Tujuan selanjutnya adalah Museum Bahari yang letaknya agak jauh dari museum lainnya di Kota Tua Jakarta. Jaraknya sekitar 1 km di sebelah utara stasiun kereta Jakarta Kota. Kompleks Museum Bahari terdiri dari dua bangunan utama yang masing-masing memiliki dua lantai. Museum ini  awalnya adalah gudang penyimpanan rempah-rempah pada masa penjajahan Belanda.  Bangunan museum ini cukup bersih dan terawat, meski barang-barang koleksinya terlihat agak kusam.  Di lantai dasar Museum ini, dipamerkan aneka replika kapal serta rangkuman sejarah maritim di Kepulauan Nusantara. Lantai satu memamerkan bagian-bagian kapal serta peralatan navigasi kuno. Karena letaknya berdekatan, kami sempatkan pula untuk melihat Menara Syahbandar yang pernah menjadi titik kilometer nol kota Jakarta. Kami sempat naik ke lantai paling atas menara ini menggunakan tangga biasa (untungnya masih kuat), dan kita bisa menyaksikan pemandangan pelabuhan Sunda Kelapa. Karena banyak dilewati kendaraan berat (truk &  container), jika kita lihat dari luar menara ini sedikit miring ke kanan (seperti menara pisa di Italia), hehe.

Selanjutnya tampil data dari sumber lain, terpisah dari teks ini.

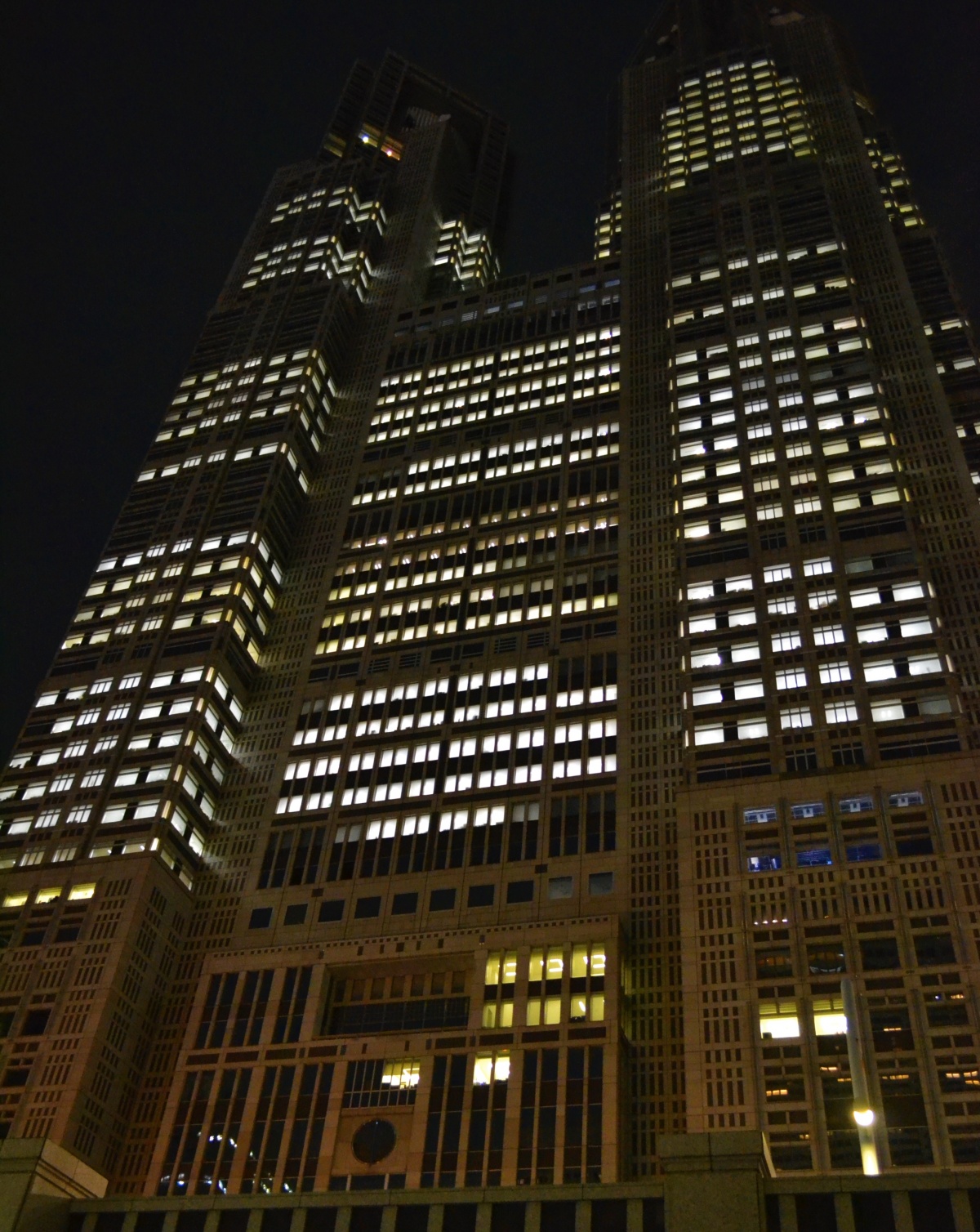 Tokyo Metropolitan Government No. 1 Building Observatory Decks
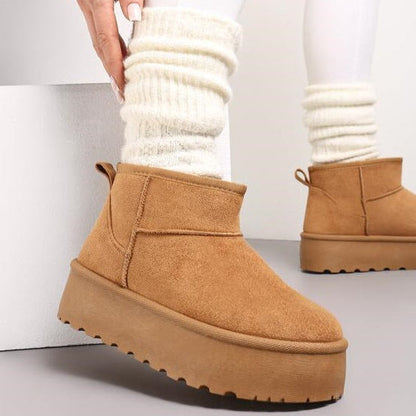 UGG à semelle épaisse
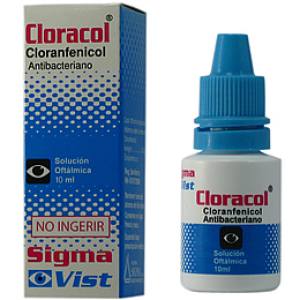 CLORACOL COLIRIO X 10ML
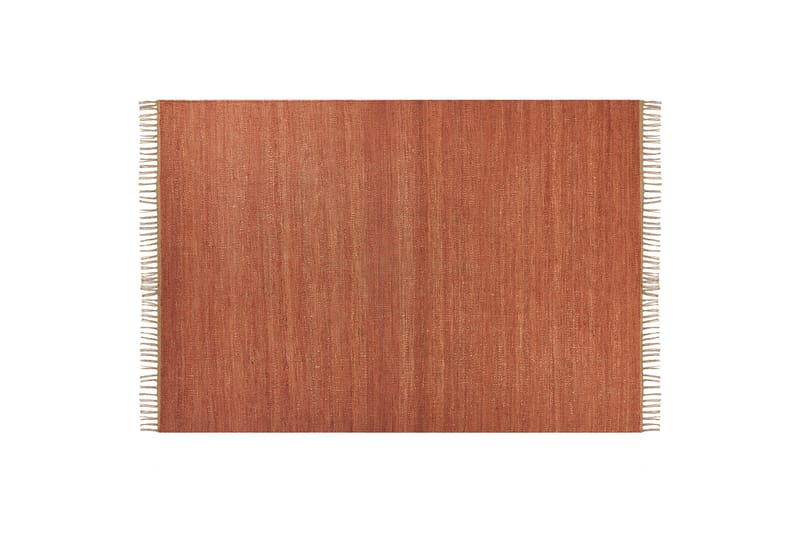 Lunia Jutematta 160x230 cm Röd - Stora mattor - Handvävda mattor - Jutemattor & sisalmattor - Små mattor - Barnmattor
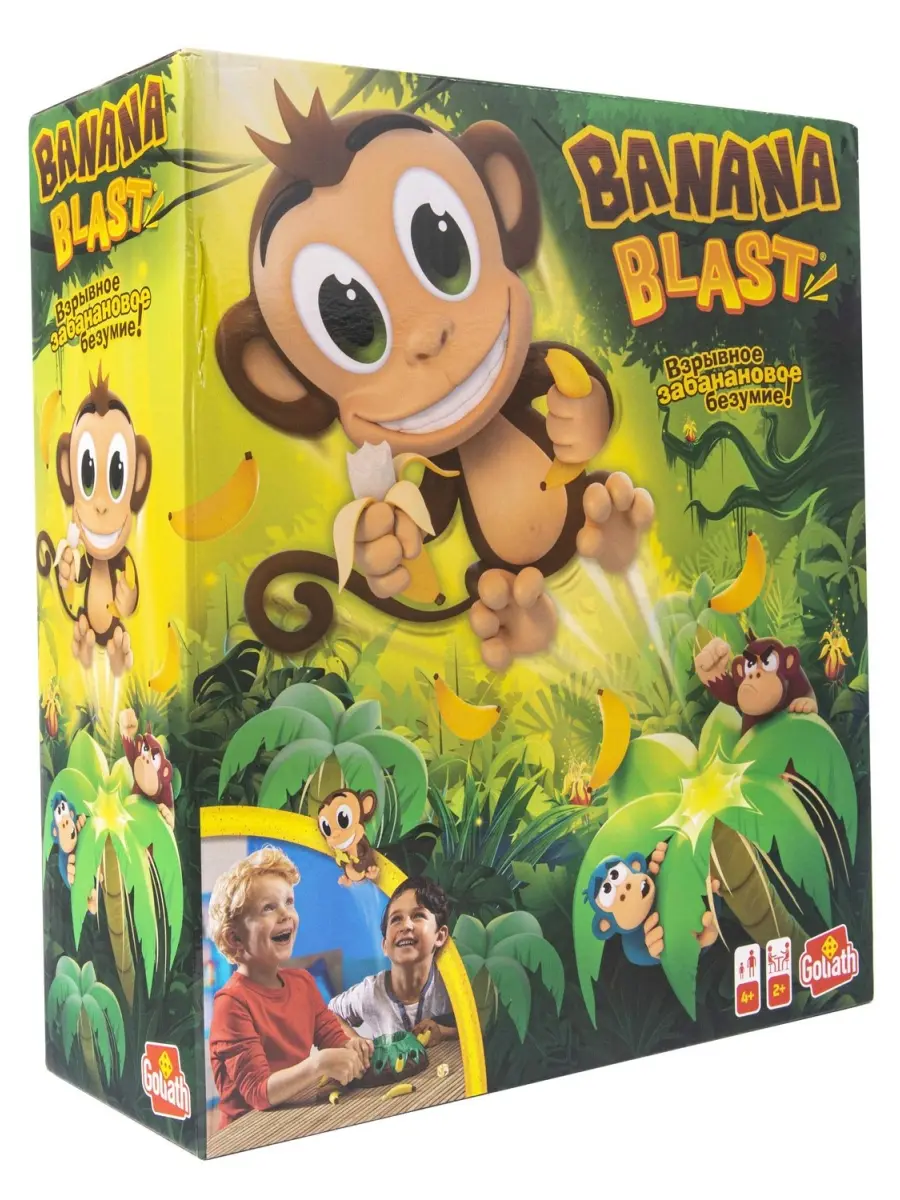 Настольная игра Банановый бууум (Babana Blast) - фото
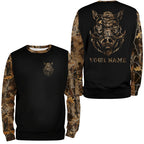 Wild Boar Hunting Camouflage all over print shirts personalized hunting gifts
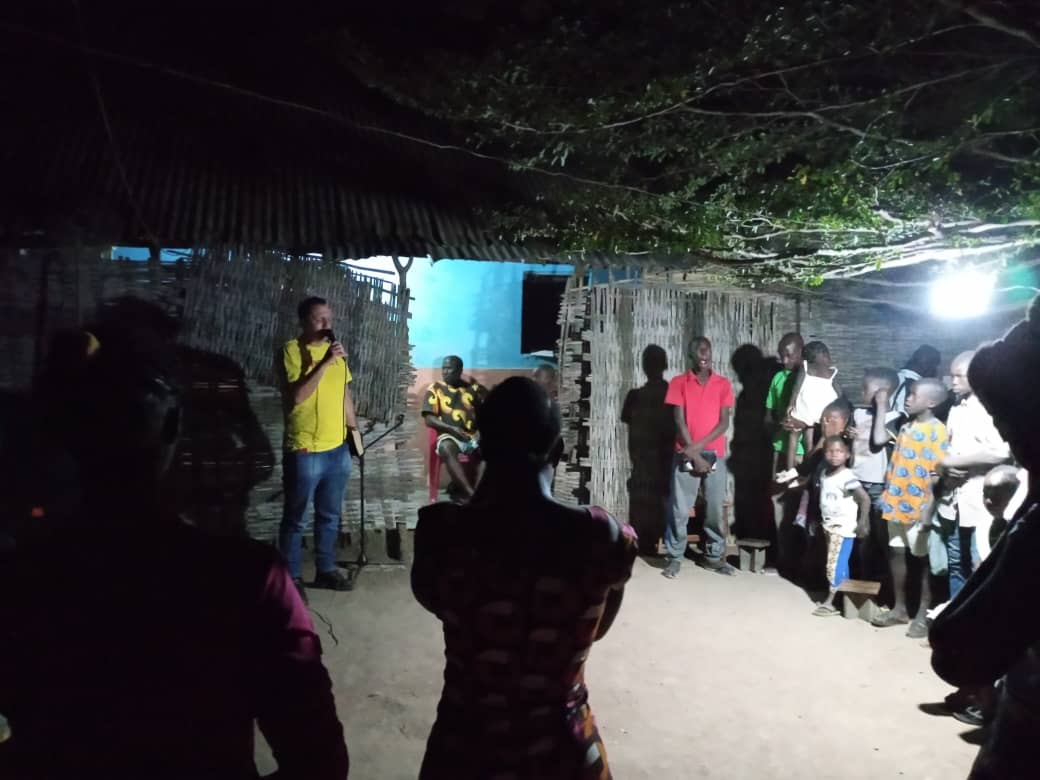 Crianças em Guiné Bissau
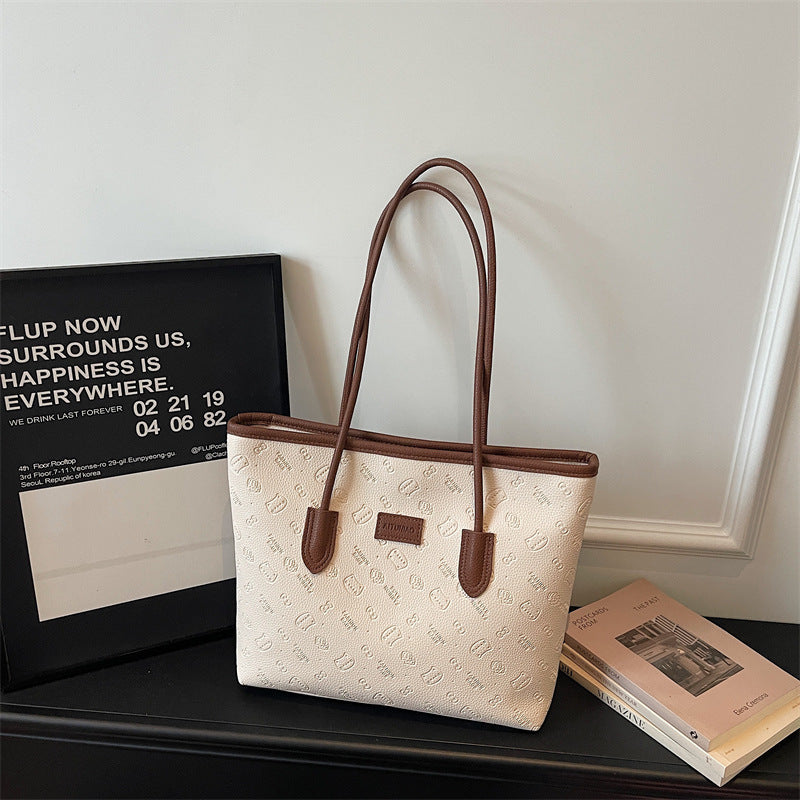 Elegante gemusterte Tote Bag Brehn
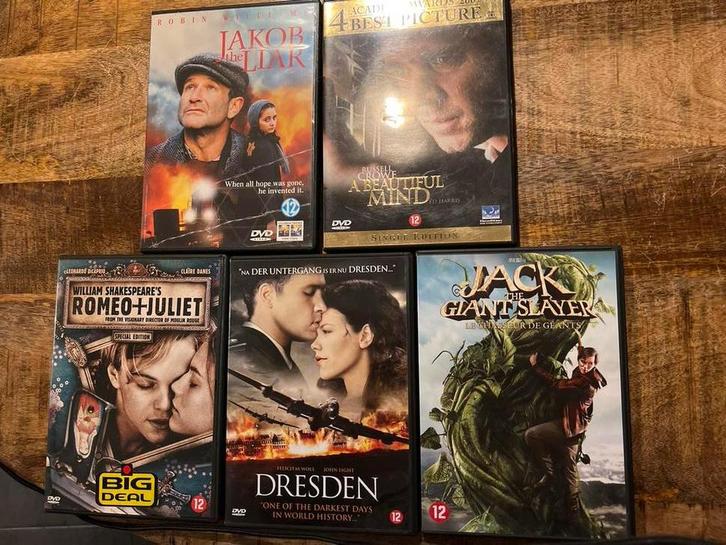 DVD Pakket: Avontuur & Drama - 5 Films, Cd's en Dvd's, Dvd's | Overige Dvd's, Gebruikt, Vanaf 12 jaar, Ophalen of Verzenden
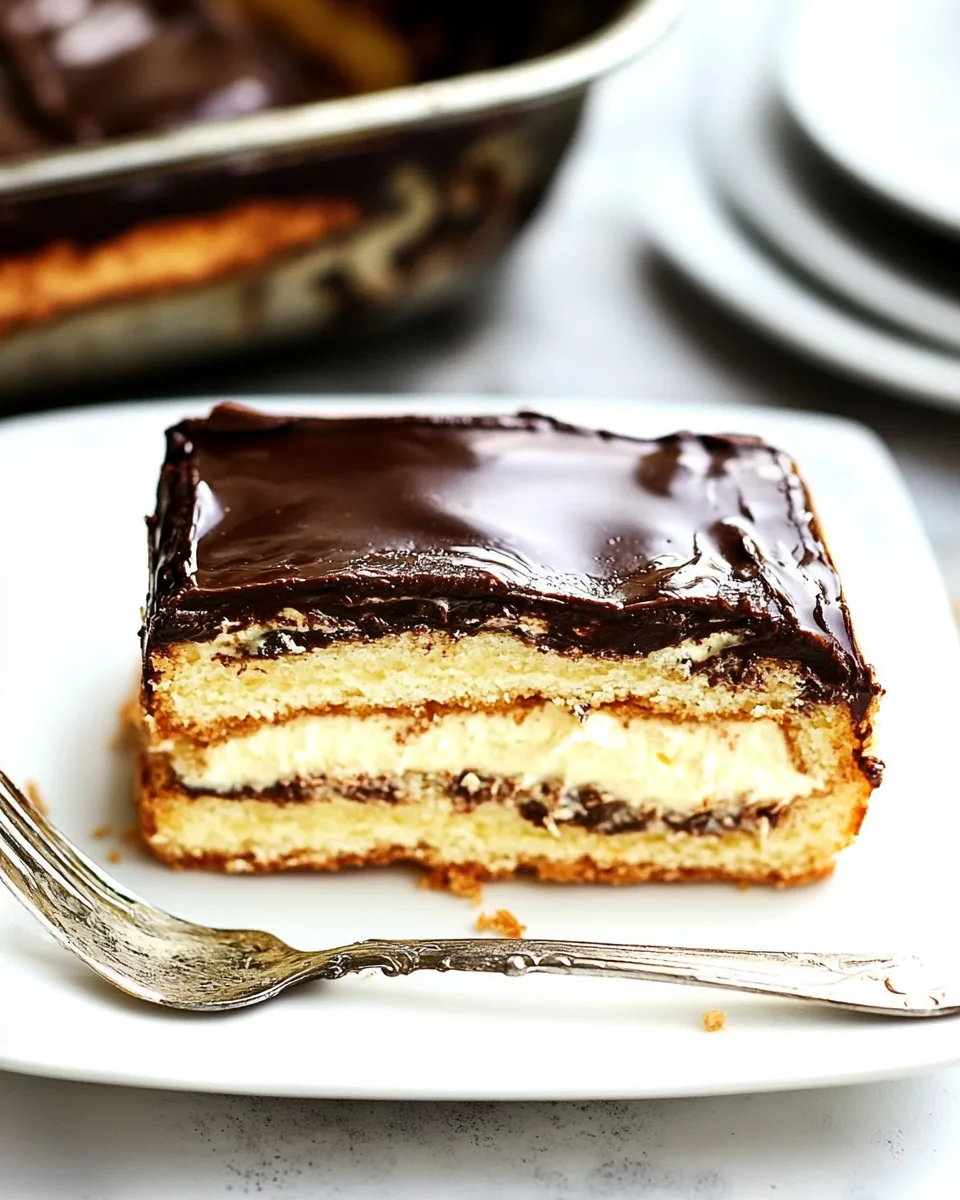 Chocolate Eclair Cake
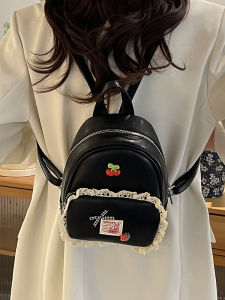 กระเป๋าเป้สะพายหลังนักเรียนน่ารักสำหรับเด็กผู้หญิง กระเป๋าเดินทางขนาดเล็ก กระเป๋าเดินทางระยะสั้น กระเป๋าสะพายไหล่แบบลำลองสำหรับเด็กผู้หญิง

Arah kembali ke pelataran Museum Fatahilah, kami sempatkan untuk melewati Jembatan Kota Intan. Jembatan ini pada jamannya menghubungkan Benteng Belanda dan Benteng Inggris yang terletak berseberangan dibatasi oleh Kali Besar – Kali Ciliwung, dan dapat diangkat untuk lalu lintas perahu serta untuk mencegah banjir yang sering terjadi.  Sempat berganti nama beberapa kali, setelah proklamasi kemerdekaan RI nama jembatan ini diganti menjadi ”Jembatan Kota Intan”, disesuaikan dengan nama lokasi setempat. Puas berphoto-photo (yang rutin dilakukan di setiap lokasi wisata), kamipun diajak melewati Toko Merah, yang letaknya tak jauh dari Jembatan Kota Intan. Dari namanya, memang  seluruh bangu


nan yang pernah dijadikan toko oleh warga keturunan cina itu  dicat warna merah. Meski kami tak sempat masuk ke dalam bangunan tsb (untungnya tdk masuk, karena ceritanya ternyata membuat merinding). 10 tahun setelah gedung ini berdiri, sekitar tahun 1740-an, di tempat ini terjadi kerusuhan berupa pembantaian besar-besaran terhadap 12 ribu warga keturunan Tionghoa yang tinggal di Batavia.  Ribuan jenazah korban pembantaian itu dibuang di sungai Groote Rivier (Kali Besar) yang terdapat di depan bangunan ini. serem kannnnn.

Toko Merah adalah lokasi wisata terakhir yang kami kunjungi dengan ojek sepeda. Puas rasanya libur kali ini, tidak perlu mengeluarkan uang cukup besar namun bisa mengajak anak-anak mempelajari sejarah.